- EXERCISE DATA -
◆ ◆ ◆ ◆ ◆ ◆ ◆

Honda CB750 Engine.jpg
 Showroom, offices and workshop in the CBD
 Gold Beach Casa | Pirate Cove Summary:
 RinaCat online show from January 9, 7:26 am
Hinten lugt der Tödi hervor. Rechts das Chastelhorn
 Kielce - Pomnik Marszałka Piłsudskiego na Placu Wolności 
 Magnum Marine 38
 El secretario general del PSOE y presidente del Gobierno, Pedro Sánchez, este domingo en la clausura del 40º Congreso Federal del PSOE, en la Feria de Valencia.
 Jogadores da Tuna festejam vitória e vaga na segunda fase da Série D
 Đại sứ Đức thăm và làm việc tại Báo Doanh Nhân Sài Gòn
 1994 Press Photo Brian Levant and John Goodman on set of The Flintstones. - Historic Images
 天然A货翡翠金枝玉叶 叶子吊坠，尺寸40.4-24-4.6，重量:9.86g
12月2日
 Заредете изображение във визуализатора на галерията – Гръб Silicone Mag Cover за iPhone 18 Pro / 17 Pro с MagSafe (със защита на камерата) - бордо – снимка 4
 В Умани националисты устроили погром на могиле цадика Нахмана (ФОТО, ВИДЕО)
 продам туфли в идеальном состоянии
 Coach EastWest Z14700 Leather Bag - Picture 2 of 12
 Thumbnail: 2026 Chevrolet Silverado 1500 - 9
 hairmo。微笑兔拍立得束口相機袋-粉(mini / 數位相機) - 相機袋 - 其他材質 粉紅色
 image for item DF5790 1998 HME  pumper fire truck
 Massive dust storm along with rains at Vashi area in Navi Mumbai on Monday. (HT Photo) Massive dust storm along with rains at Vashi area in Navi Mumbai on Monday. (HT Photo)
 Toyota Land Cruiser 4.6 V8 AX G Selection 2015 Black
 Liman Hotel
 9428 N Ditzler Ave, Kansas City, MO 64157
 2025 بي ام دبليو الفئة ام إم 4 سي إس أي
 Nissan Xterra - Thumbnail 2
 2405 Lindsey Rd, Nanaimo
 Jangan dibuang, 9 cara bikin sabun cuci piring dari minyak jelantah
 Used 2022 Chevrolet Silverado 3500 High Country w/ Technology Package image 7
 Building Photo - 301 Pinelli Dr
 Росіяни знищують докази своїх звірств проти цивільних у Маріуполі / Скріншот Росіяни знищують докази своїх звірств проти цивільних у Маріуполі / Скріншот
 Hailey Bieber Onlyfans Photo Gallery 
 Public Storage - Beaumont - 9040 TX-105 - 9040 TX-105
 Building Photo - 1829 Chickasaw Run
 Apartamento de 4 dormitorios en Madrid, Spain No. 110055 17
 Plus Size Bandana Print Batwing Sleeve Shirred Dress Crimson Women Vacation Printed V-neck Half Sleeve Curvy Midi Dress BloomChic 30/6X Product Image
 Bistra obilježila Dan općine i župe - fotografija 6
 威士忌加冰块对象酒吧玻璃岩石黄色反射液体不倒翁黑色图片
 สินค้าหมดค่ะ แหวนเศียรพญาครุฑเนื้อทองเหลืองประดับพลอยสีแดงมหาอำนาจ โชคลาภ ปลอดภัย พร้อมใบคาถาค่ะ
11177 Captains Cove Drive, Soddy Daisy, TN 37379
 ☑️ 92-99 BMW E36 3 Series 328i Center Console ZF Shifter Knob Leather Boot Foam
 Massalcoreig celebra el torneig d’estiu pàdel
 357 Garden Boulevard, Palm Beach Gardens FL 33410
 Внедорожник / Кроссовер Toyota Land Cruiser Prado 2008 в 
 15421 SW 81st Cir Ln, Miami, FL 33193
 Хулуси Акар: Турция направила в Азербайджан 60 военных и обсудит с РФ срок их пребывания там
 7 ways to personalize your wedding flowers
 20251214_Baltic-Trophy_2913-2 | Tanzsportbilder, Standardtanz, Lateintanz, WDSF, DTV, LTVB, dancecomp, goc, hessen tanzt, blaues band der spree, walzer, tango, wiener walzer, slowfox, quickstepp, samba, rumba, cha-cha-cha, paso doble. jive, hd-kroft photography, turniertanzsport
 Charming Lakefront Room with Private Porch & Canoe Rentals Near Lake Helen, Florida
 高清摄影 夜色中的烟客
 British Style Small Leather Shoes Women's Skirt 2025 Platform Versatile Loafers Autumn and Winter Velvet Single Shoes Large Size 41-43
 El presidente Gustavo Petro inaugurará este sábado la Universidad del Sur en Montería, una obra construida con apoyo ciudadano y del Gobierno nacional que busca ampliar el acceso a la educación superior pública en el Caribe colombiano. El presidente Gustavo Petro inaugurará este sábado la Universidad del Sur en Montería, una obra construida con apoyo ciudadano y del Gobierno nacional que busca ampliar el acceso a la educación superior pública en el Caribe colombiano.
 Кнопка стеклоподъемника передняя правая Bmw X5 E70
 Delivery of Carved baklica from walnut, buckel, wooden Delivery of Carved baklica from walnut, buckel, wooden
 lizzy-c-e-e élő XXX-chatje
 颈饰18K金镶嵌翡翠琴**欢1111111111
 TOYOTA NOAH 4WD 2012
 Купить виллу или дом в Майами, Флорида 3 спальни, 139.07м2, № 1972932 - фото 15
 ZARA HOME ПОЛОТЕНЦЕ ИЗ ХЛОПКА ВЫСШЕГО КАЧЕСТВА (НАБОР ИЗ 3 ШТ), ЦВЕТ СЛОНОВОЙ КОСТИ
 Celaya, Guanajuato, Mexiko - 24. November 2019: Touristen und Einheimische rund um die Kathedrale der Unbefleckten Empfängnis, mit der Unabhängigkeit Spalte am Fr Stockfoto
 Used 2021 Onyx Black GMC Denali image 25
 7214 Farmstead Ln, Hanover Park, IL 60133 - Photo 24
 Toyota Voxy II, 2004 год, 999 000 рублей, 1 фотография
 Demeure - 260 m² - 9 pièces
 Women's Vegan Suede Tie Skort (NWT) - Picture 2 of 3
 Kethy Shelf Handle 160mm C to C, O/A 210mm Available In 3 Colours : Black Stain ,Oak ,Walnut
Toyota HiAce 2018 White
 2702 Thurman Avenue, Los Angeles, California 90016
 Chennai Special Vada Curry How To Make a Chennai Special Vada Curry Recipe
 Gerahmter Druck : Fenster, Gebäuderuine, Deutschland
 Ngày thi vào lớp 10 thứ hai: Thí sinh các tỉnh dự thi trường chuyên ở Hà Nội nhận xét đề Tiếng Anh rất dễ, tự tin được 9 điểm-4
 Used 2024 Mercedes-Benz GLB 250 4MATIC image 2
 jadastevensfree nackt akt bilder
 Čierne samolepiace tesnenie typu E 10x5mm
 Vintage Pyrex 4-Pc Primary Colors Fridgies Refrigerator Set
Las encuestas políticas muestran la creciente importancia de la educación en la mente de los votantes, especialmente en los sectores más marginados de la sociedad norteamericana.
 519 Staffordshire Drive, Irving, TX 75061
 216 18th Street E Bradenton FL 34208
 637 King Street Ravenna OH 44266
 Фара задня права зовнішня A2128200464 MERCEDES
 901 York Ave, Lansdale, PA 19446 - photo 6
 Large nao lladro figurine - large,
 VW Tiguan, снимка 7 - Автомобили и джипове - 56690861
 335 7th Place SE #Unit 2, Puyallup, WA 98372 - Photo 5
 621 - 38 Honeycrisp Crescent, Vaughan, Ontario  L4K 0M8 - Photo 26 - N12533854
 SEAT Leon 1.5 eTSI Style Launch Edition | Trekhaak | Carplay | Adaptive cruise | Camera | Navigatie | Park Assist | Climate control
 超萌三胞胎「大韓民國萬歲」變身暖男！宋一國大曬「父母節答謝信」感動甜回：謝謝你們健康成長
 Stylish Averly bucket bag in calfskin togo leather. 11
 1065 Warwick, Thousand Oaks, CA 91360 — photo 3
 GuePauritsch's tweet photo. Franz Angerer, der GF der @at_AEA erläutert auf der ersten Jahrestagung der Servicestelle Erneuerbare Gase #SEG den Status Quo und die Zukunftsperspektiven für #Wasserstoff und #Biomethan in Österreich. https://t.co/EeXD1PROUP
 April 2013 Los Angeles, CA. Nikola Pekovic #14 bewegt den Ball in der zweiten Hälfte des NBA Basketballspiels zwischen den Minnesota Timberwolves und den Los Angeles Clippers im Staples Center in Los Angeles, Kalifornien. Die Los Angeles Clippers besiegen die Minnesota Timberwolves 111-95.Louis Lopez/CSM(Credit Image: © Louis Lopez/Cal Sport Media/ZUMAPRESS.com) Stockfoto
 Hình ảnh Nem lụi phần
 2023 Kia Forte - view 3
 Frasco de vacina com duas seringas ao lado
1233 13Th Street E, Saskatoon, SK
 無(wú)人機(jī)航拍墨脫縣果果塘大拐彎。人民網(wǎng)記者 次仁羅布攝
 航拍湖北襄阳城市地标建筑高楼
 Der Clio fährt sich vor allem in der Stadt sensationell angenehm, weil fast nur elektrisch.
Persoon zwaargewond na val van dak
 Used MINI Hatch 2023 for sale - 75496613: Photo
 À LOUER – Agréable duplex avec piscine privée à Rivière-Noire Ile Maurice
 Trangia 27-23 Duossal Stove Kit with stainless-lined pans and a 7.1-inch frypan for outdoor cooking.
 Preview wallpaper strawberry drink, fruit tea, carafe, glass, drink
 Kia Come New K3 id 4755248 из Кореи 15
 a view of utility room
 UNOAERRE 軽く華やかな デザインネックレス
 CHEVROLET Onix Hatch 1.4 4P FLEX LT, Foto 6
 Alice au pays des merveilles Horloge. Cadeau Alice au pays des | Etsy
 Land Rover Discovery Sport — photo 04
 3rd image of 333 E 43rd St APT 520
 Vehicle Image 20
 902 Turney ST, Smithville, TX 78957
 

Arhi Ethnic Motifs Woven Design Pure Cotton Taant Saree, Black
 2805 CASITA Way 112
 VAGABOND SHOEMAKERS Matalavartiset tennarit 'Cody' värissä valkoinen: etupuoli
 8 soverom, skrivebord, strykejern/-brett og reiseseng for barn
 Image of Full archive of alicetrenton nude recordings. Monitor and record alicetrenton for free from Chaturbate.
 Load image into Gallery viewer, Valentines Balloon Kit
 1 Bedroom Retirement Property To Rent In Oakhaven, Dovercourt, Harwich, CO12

◆ ◆ ◆ ◆ ◆ ◆ ◆

Your answer should be the lines above from the one containing "RinaCat online show from January 9, 7:26 am" through the one containing "В Умани националисты", copied exactly and with both ends kept.

- ANSWER -
 RinaCat online show from January 9, 7:26 am
Hinten lugt der Tödi hervor. Rechts das Chastelhorn
 Kielce - Pomnik Marszałka Piłsudskiego na Placu Wolności 
 Magnum Marine 38
 El secretario general del PSOE y presidente del Gobierno, Pedro Sánchez, este domingo en la clausura del 40º Congreso Federal del PSOE, en la Feria de Valencia.
 Jogadores da Tuna festejam vitória e vaga na segunda fase da Série D
 Đại sứ Đức thăm và làm việc tại Báo Doanh Nhân Sài Gòn
 1994 Press Photo Brian Levant and John Goodman on set of The Flintstones. - Historic Images
 天然A货翡翠金枝玉叶 叶子吊坠，尺寸40.4-24-4.6，重量:9.86g
12月2日
 Заредете изображение във визуализатора на галерията – Гръб Silicone Mag Cover за iPhone 18 Pro / 17 Pro с MagSafe (със защита на камерата) - бордо – снимка 4
 В Умани националисты устроили погром на могиле цадика Нахмана (ФОТО, ВИДЕО)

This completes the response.